Literasi

Dikutip Bukan (Lagi) Mengutip

Senin, 7 November 2022, 15:56 WIB
Dibaca 296
Dikutip Bukan (Lagi) Mengutip
Dikutip, tidak (lagi) mengutip.

Pada KKNI level 8, atau setara S-2, apalagi S-3. Seorang penulis mesti berani mempertahankan tesis, argumen, temuan, serta novelty yang menjadi sudut-bidik (angle) konten narasinya. Jika perlu, ia membuat teori baru.

Berkanjang pada satu topik, yang menjadi core competence kita, sangat mendasar. Tajam pisau karena diasah.

Novelty, kebaruan, dalam dunia riset tidak selalu harus hal baru yang sama sekali belum ditemukan. Sebab berlaku adagium, "Nihil novi sub sole", there is no new under the sun."

Maka seseorang menemukan, bukan menciptakan, dalam khasanah penelitian. "Barang" itu given, sudah ada, hanya belum terungkap. Masih menjadi misteri.

Masalahnya: bagaimana metodos, jalan menuju kebaruan itu? Sedemikian rupa, sehingga karya kita dikutip, jadi acuan?

Berkanjang pada satu topik, yang menjadi core competence kita, sangat mendasar. Tajam pisau karena diasah. Kita akan menjadi ahli pada topik yang digumuli dengan saksama dan persisten.

Mengapa karya-karya saya, terkait topik DAYAK, hampir senantiasa jadi referensi?

Saya berkanjang.
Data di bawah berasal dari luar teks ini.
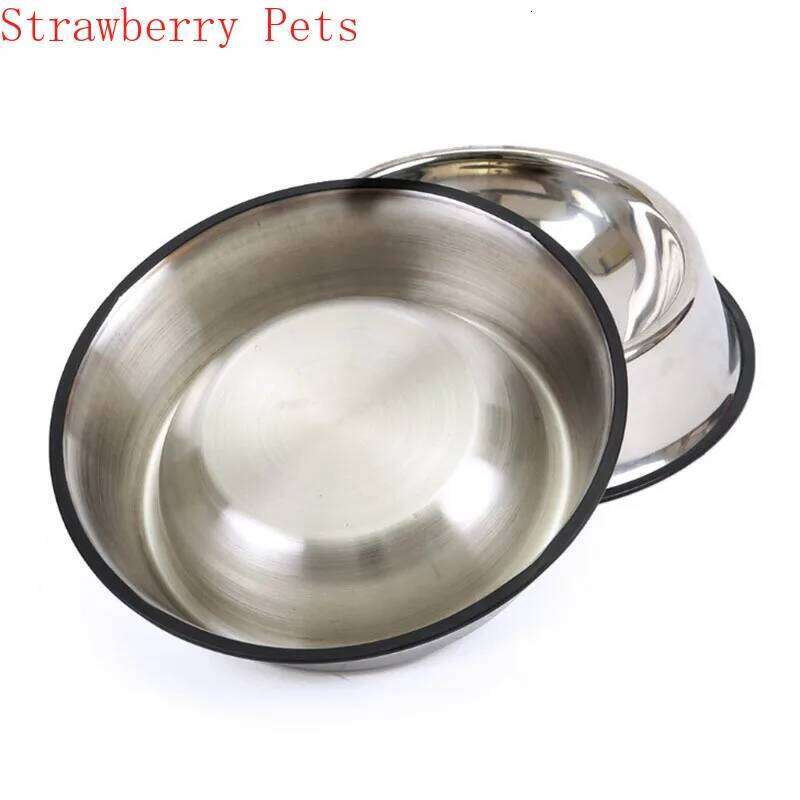 Stainless Steel Storage Container Dog Food Water Bottle Pet Bowl Feeder Dish for Small Large Dogs Cats 26W0330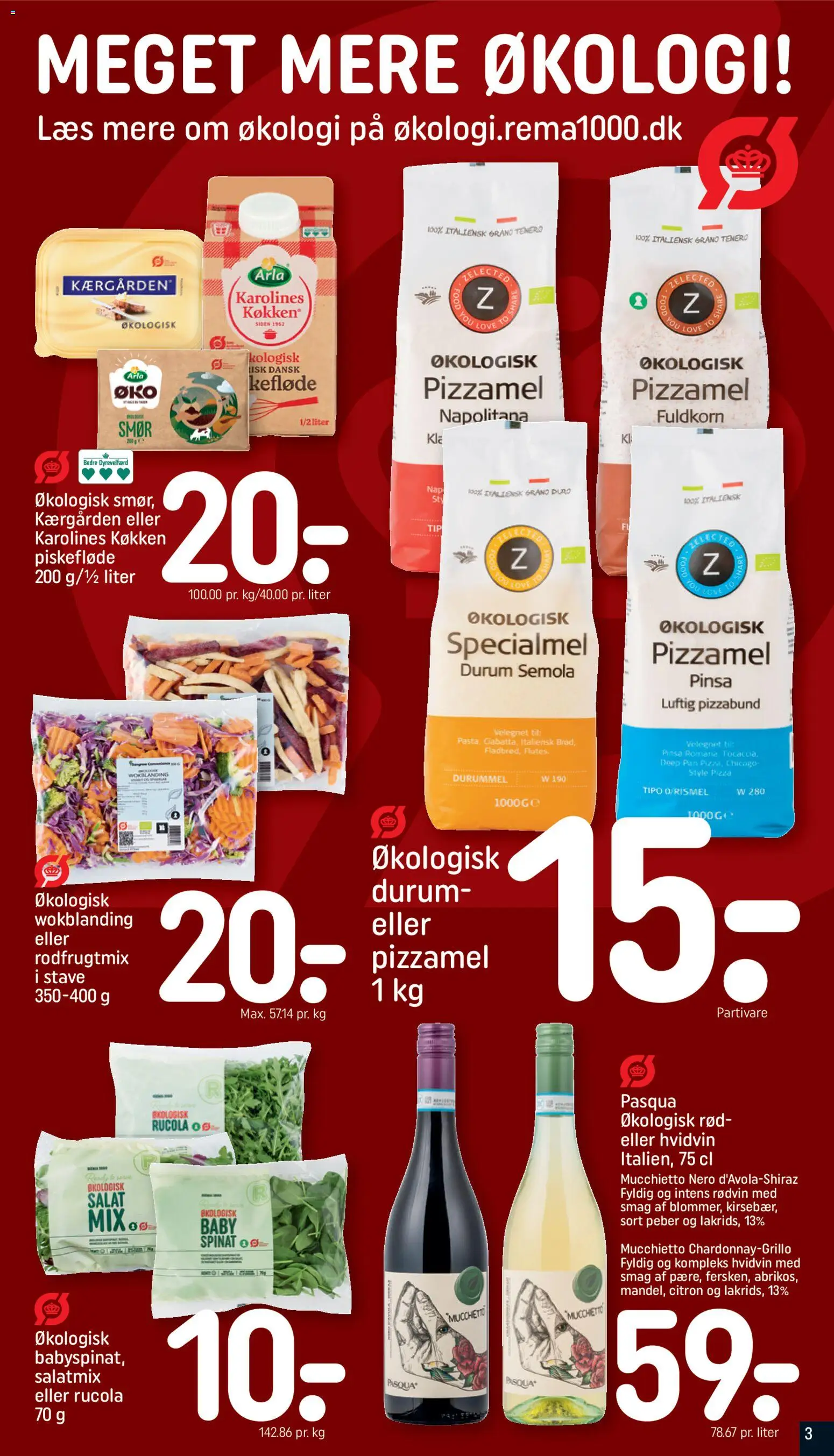 Rema 1000 tilbudsavis – gyldig fra 31.01.2026 | Side: 3 | Produkter: Smør, Salat, Peber, Spinat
Menekuninya. Sejak awal tahun 1980-an. Ketika pada 14 Maret 1984 tulisan saya tentang "Mangkok Merah", salah satu adat budaya Dayak, dimuat Kompas koran terbesar bukan hanya Indonesia, melainkan juga Asia Tenggara itu.
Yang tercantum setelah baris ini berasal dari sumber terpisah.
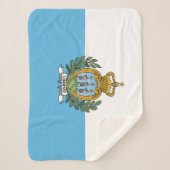 Vlag van San Marino Sherpa Deken (Voorkant)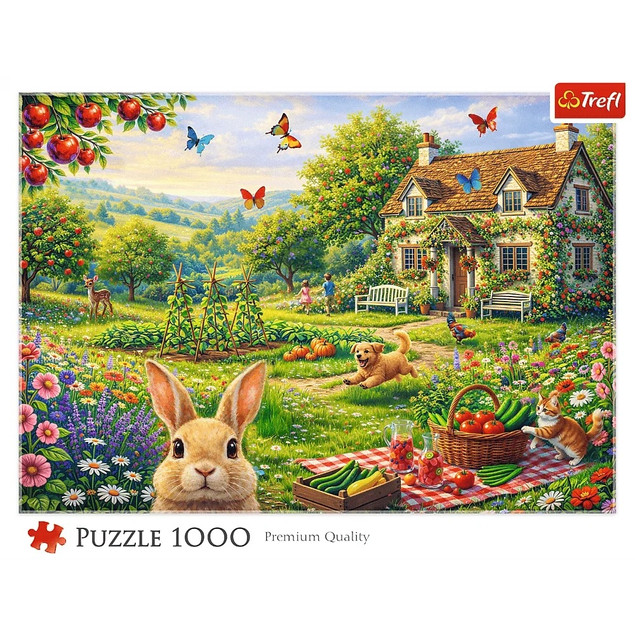 Puzzle Trefl 1000 elementów Puzzle 1000 el. Domek na wsi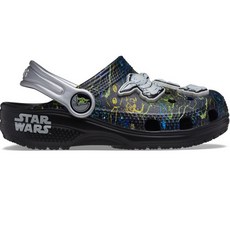 Crocs 經典 Grogu Clog 兒童 黑色 (207367_001)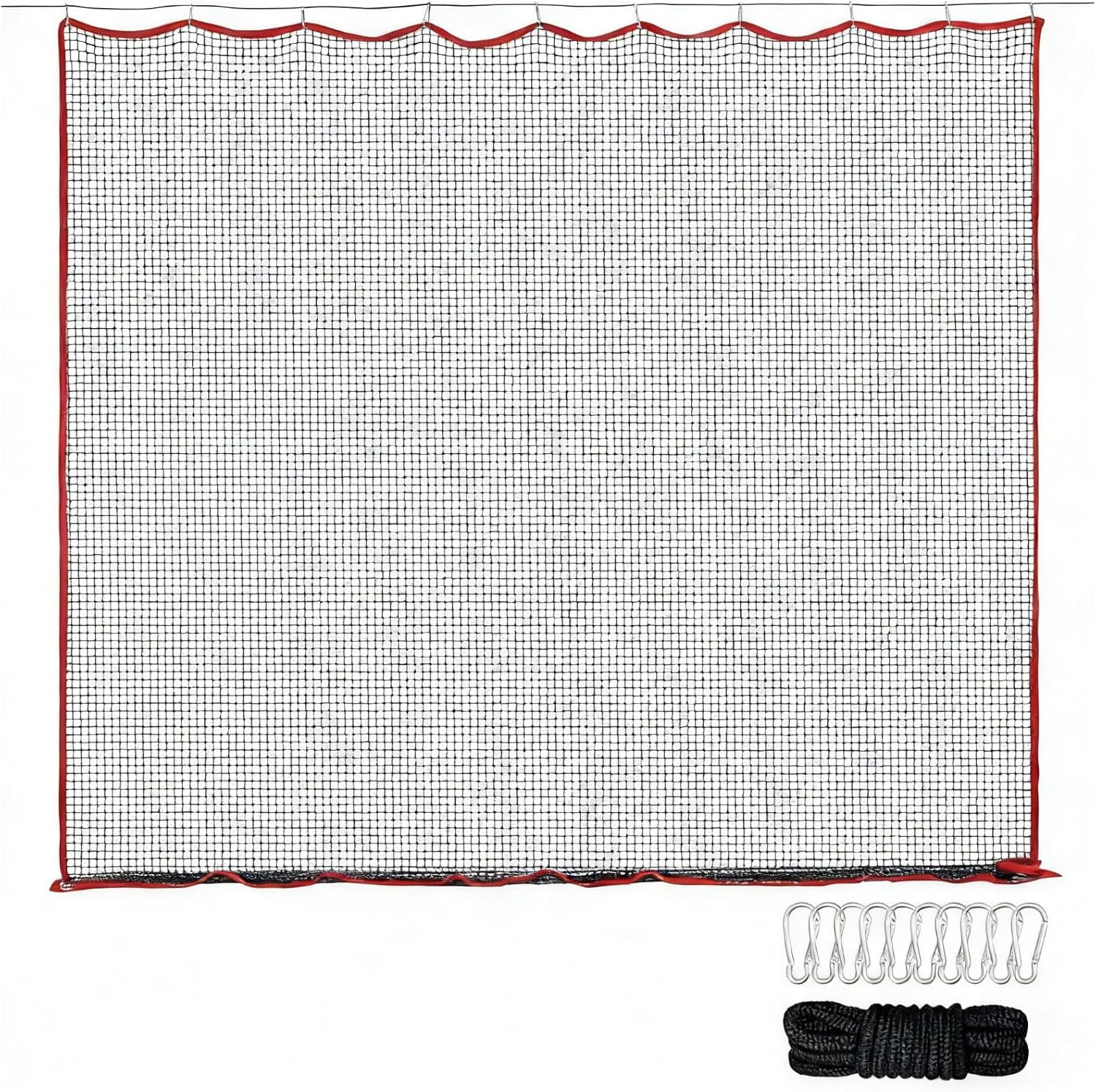 Baseball Practice Net And Golf Net, 10 X 10 Ft, High-Impact Polyester Mesh; Ropes And Buckles Included; Multi-Sport Use; Backyard And Driving Range Compatible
Tahun 1990-an, malang melintang saya menulis artikel dimuat Kompas, Suara Pembaruan, Media Indonesia, Suara Karya, Bisnis Indonesia, Jakarta Post, dan sejumlah media nasional lain. Edisi PDF analognya, yang bisa diakses, menjadikannya mendunia. Pakar asing yang meneliti topik serupa, menjadikannya acuan, atau referensi.

Maka rajin-rajinlah menulis di jurnal bertaraf internasional, atau buku digital yang masuk Google, Amazon, atau Lulu. Kita dikutip, bukan (lagi) mengutip.

Seperti tampak pada ilustrasi. Saya rutin menerima notifikasi, di email, terkait karya saya yang dikutip pakar di vaknya.

Studi-studi terkait topik yang kita tulis akan menyertakan notifikasi, jika dijadikan kutipan, setidaknya acuan.

Dalam bangun mengembangkan, sekaligus mendalami topik, maka studi inter-teks menjadi satu-satunya jalan yang mesti dilalui. Semakin banyak inter-teks, akan semakin dekat gap ontologis. Terjadi fussion of horizon apa yang sudah diketahui dan yang belum diketahui.

Maka referensi yang relevan dengan topik adalah keniscayaan.